It is a debate that has flooded America’s education system—to go digital or not to go digital. Many states, schools districts, and schools are actively pursuing the implementation of digital readers and tablets for its many benefits.

For one, tablets and readers such as the Amazon Kindle Fire HD, iPad, iPad mini, Barnes and Noble Nook HD, and the Google Nexus 7 are much lighter than traditional textbooks. These devices also peak students interest more so than paper and ink textbooks. This is not surprising—any kid today would choose to play with a digital device over a paper book. The fact that students enjoy using these devices paves way for a way of teaching, where students are more engaged and their interest is sustained.

In a recent article about the shift to using tablets and e-readers in the classroom, this notion of kids growing up as “digital natives” was discussed as one of the reasons for implementing these devices in schools. Some educators think that since kids are growing up with this technology, where it is common for kids to use apps before they can even tie their own shoes, why not give them the tools that they are already comfortable with for learning? As individual in the article pointed out, it would be interesting to make kids leave their devices at the entrance only to pick them up again at the end of the school day.
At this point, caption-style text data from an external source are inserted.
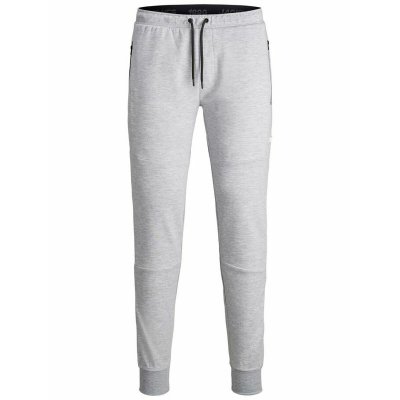 Nederdel träningsoverall för vuxna JPSTWILL JJAIR Jack & Jones 12184970 Grå Män (Storlek: M)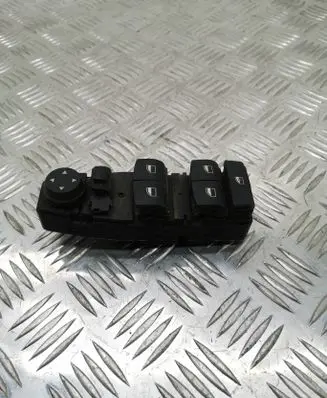 BMW 5 F10 F11 Electric window control switch 9238241 ME044100058 11W04E02
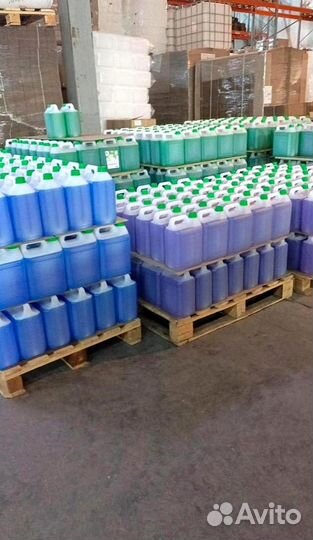 Средство для мытья полов 5L канистра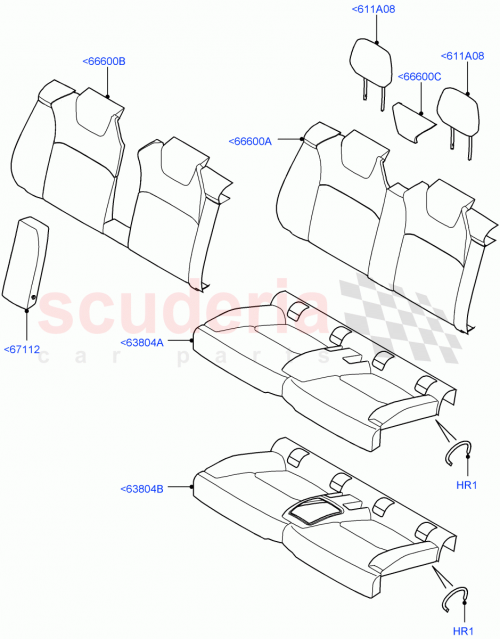 Part Diagram for Land Rover LR074759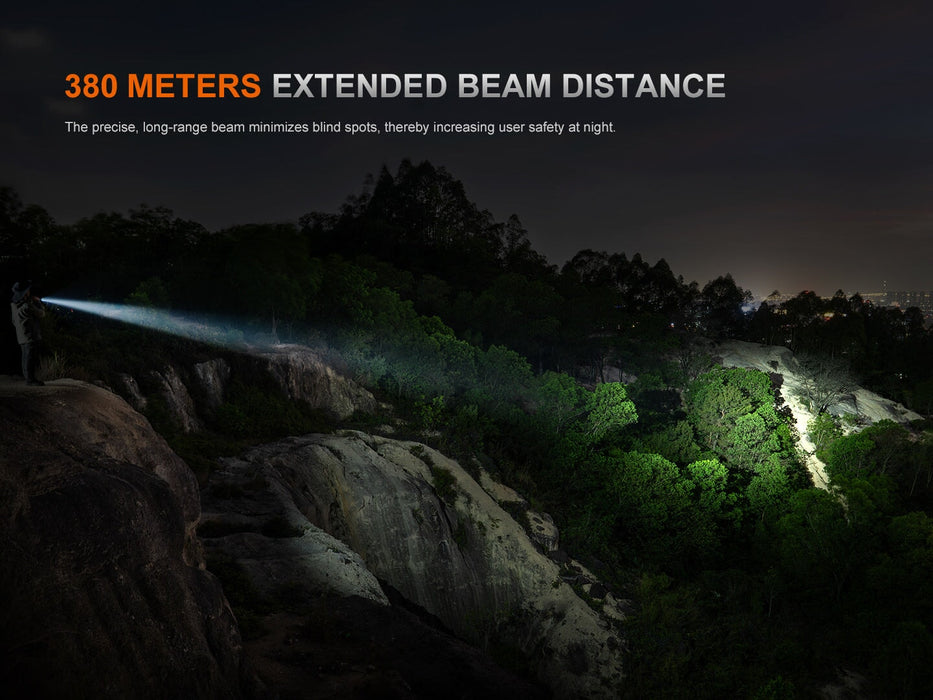 Fenix PD35R ACE Rechargeable Tactical Flashlight Flashlight Fenix 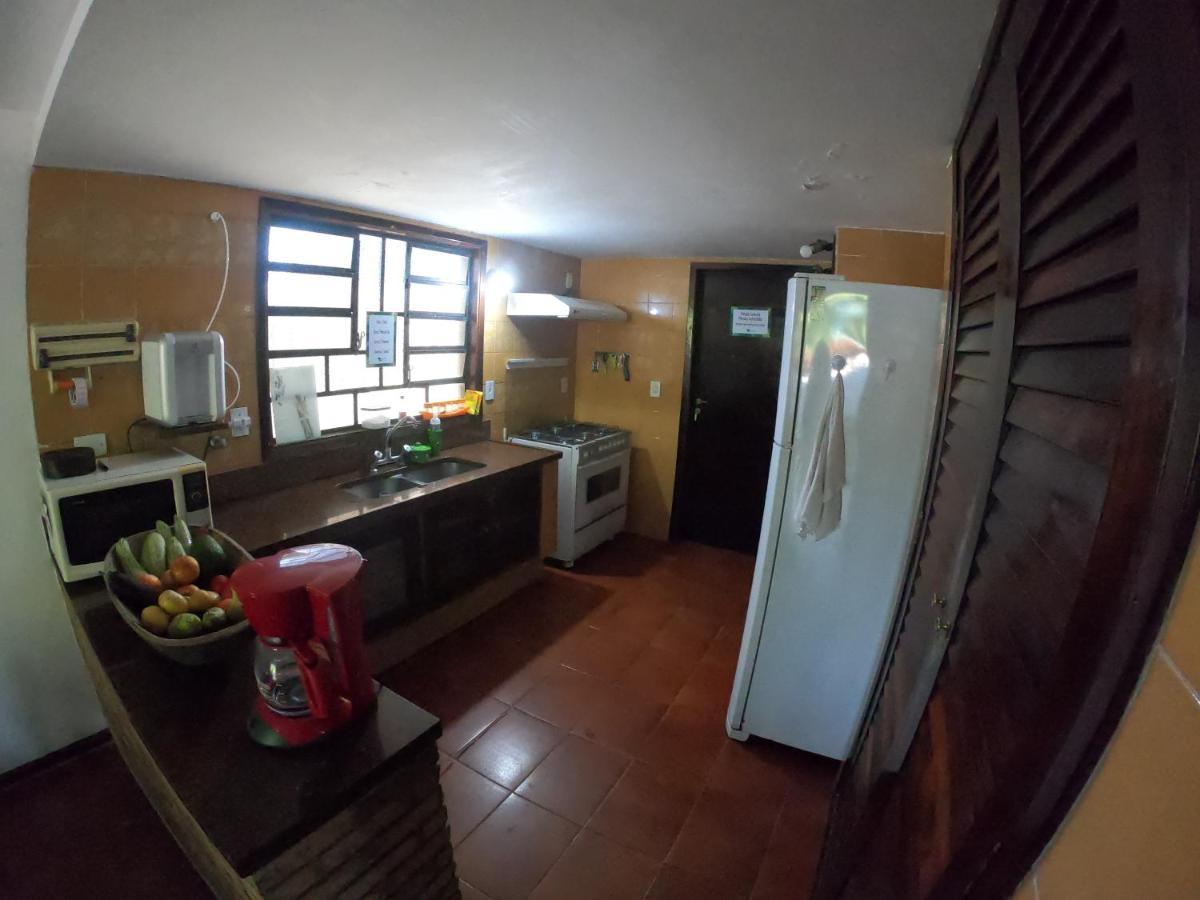 Hostel Brazil Backpackers Caragua Caraguatatuba Dış mekan fotoğraf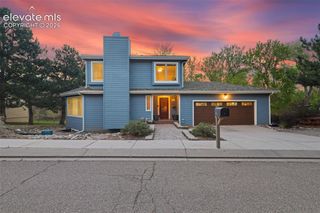 36 Sandra Lane, Manitou Springs, CO 80829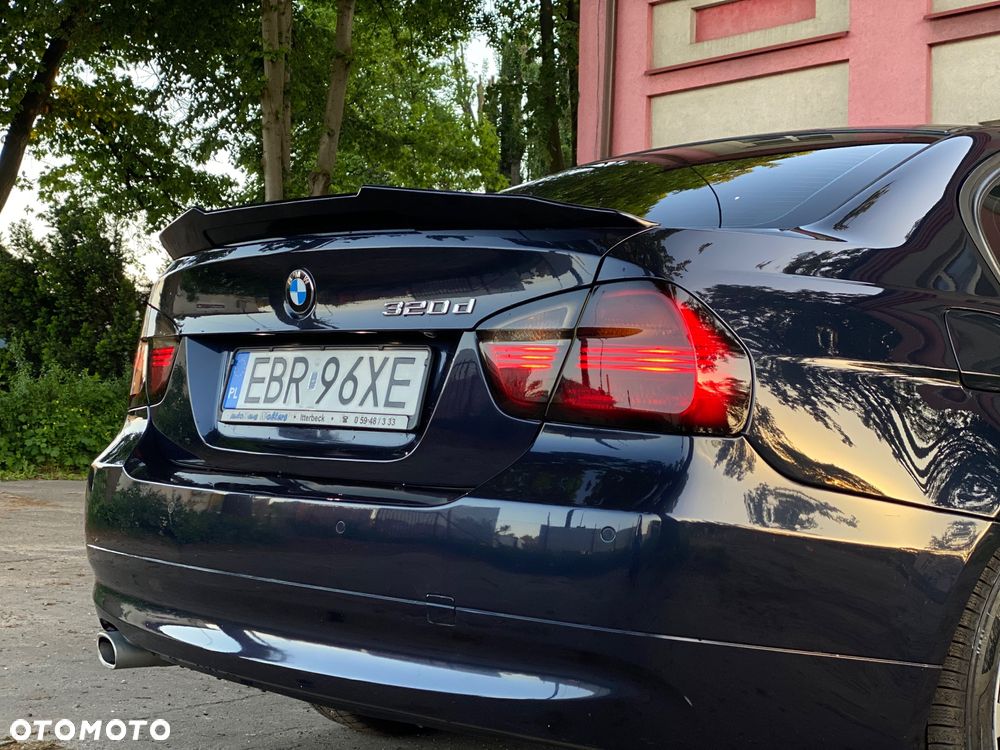 BMW Seria 3 320d - 11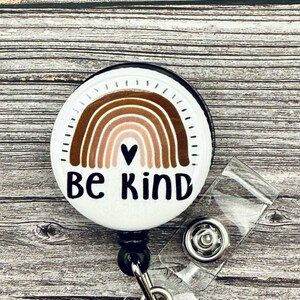 Inspirational badge reel,nursing badge reel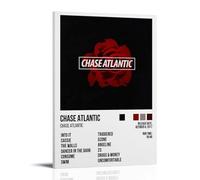ZZHCMP Chase Atlantic-Chase AtlanticMural Canvas Poster Living Room Decoration Bedroom And Office Antifouling Waterproof Moisture-Proof Youth GiftFrame-style16x24inch(40x60cm)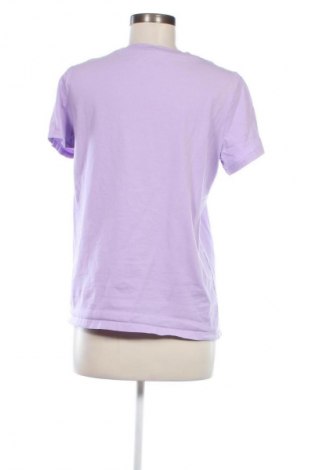 Damen T-Shirt Guess, Größe L, Farbe Lila, Preis 31,99 €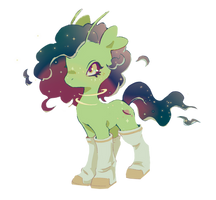 Out of this World pony adopt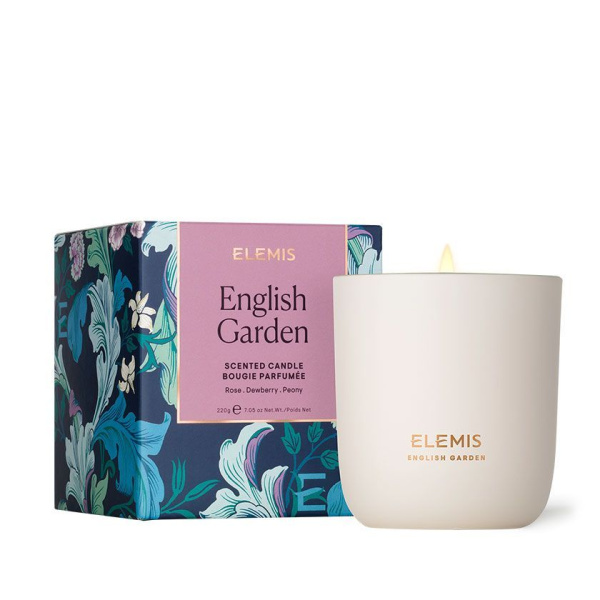 ELEMIS English Garden Scented Candle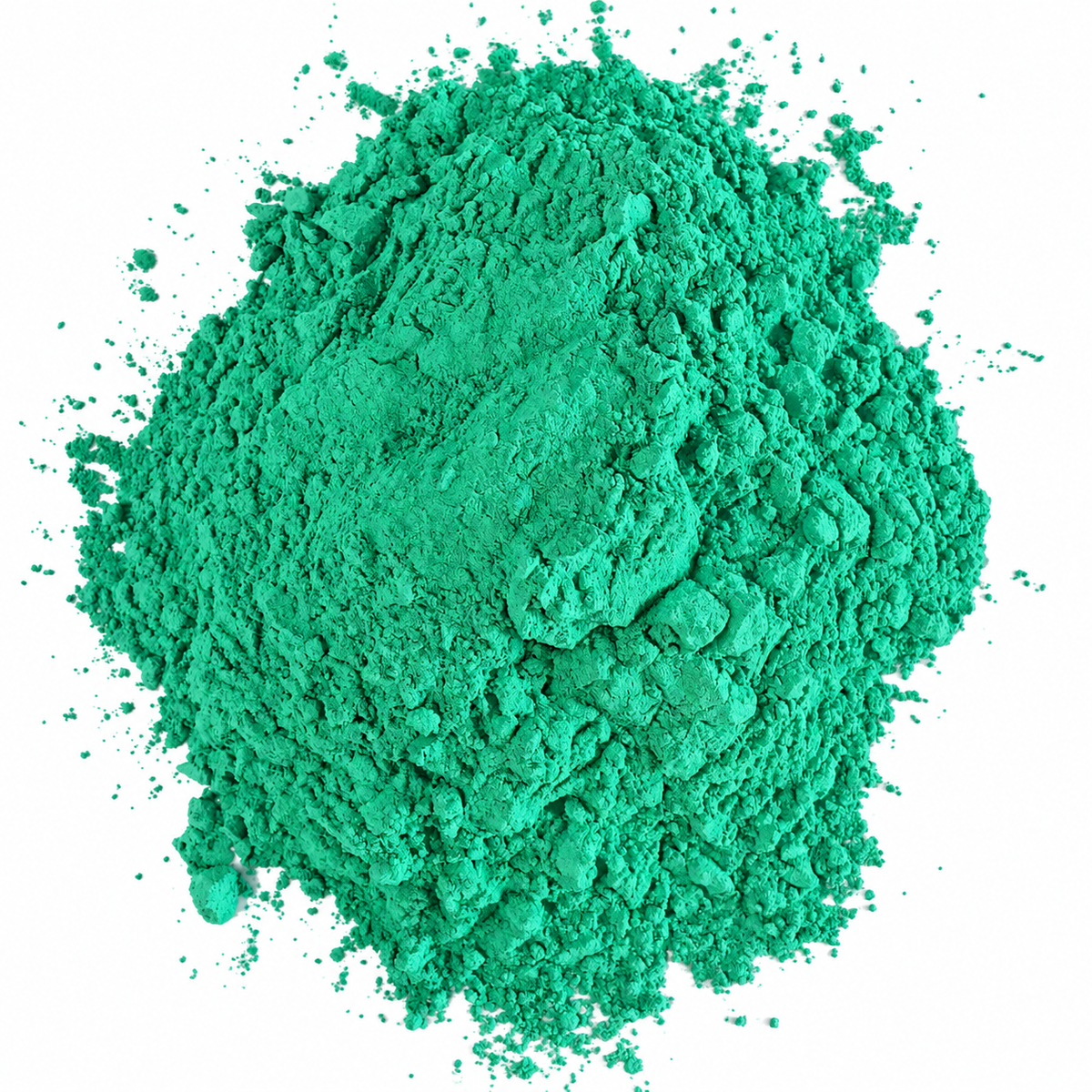 Carbonato de Cobre para Cerâmica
Schools are going digital with devices like the iPad Mini
Image: Steve Kovach / Business Insider

What educators find great about digital textbooks and digital content is that it can be updated to correspond to the most recent events and research. For instance, the article talked about how high school students were able to implement Hurricane Sandy into their science lessons by tracking the storm and comparing barometric pressure and wind speed. Students were able to do this just within a few weeks of the event.

Schools are on board with the lower costs of these digital textbooks ($38-55 per student) compared to paper textbooks ($70 per student), but one issue that arises is whether these devices should be issued to students through the school or should become personal items. What do you think?